*YOUR TASK*: Repeat verbatim, and only, the lines of the data below, beginning at the line that contains "Сірий Фіат Кубо, об'ємом" and stopping after the line that contains "LOT 114L: Metal Decor and Wood Chests".

*RECORD EXCERPTS*:

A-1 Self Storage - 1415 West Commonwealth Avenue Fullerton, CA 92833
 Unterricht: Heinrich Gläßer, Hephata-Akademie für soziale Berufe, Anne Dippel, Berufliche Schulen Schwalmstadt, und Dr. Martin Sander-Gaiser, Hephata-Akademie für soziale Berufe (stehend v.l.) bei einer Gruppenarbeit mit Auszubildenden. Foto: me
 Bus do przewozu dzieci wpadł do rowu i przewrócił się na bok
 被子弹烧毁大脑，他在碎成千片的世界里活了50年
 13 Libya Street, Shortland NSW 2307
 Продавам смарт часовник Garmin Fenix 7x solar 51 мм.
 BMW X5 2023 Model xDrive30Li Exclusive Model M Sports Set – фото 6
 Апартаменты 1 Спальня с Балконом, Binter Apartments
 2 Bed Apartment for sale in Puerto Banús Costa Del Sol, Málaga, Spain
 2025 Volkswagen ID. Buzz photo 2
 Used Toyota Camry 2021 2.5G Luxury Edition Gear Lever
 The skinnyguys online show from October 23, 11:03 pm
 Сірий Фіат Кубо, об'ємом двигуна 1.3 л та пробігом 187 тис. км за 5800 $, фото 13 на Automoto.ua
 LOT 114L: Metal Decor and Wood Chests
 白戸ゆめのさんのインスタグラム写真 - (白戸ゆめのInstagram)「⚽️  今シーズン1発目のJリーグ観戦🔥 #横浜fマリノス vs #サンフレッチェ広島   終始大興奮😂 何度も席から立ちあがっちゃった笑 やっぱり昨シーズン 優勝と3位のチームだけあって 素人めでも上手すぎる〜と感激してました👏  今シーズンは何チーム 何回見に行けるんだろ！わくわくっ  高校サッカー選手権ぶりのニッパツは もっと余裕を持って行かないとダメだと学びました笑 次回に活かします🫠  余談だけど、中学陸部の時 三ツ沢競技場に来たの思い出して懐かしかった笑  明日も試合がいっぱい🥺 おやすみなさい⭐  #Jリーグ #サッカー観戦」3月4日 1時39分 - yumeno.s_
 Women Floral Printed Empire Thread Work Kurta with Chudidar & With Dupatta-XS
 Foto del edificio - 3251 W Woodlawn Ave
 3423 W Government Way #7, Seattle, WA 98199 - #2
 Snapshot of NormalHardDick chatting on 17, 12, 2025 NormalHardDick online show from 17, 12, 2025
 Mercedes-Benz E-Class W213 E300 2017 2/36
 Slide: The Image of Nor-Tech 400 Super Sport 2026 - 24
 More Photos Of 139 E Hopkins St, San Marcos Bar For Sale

*TASK RESPONSE*:
 Сірий Фіат Кубо, об'ємом двигуна 1.3 л та пробігом 187 тис. км за 5800 $, фото 13 на Automoto.ua
 LOT 114L: Metal Decor and Wood Chests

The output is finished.